The stationary values of the functional

$I[f] = \int_{x_0}^{x_1} \mathcal{L}(x, f, f', f'', \dots, f^{(n)})~\mathrm{d}x ~;~~ f' := \cfrac{\mathrm{d}f}{\mathrm{d}x}, ~f'' := \cfrac{\mathrm{d}^2f}{\mathrm{d}x^2}, ~ f^{(n)} := \cfrac{\mathrm{d}^nf}{\mathrm{d}x^n}$

can be obtained from the Euler–Lagrange equation[3]

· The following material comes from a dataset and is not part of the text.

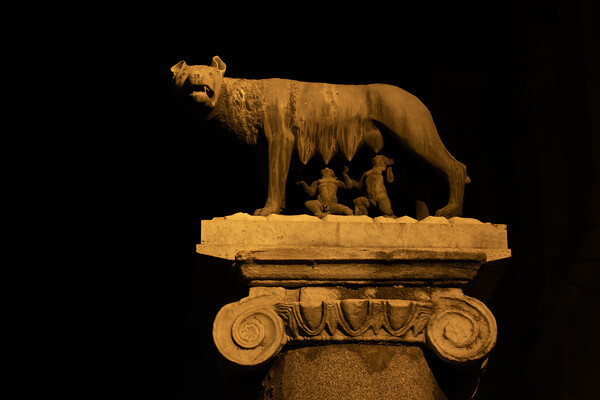 Capitoline Wolf At Night In Rome Picture Board by Artur Bogacki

$\cfrac{\partial \mathcal{L}}{\partial f} - \cfrac{\mathrm{d}}{\mathrm{d} x}\left(\cfrac{\partial \mathcal{L}}{\partial f'}\right) + \cfrac{\mathrm{d}^2}{\mathrm{d} x^2}\left(\cfrac{\partial \mathcal{L}}{\partial f''}\right) - \dots + (-1)^n \cfrac{\mathrm{d}^n}{\mathrm{d} x^n}\left(\cfrac{\partial \mathcal{L}}{\partial f^{(n)}}\right) = 0$

under fixed boundary conditions for the function itself as well as for the first $n-1$ derivatives (i.e. for all $f^{(i)}, i \in \{0, ..., n-1\}$). The endpoint values of the highest derivative $f^{(n)}$ remain flexible.

### Several functions of one variable

If the problem involves finding several functions ($f_1, f_2, \dots, f_n$) of a single independent variable ($x$) that define an extremum of the functional

$I[f_1,f_2, \dots, f_n] = \int_{x_0}^{x_1} \mathcal{L}(x, f_1, f_2, \dots, f_n, f_1', f_2', \dots, f_n')~\mathrm{d}x ~;~~ f_i' := \cfrac{\mathrm{d}f_i}{\mathrm{d}x}$

then the corresponding Euler–Lagrange equations are[4]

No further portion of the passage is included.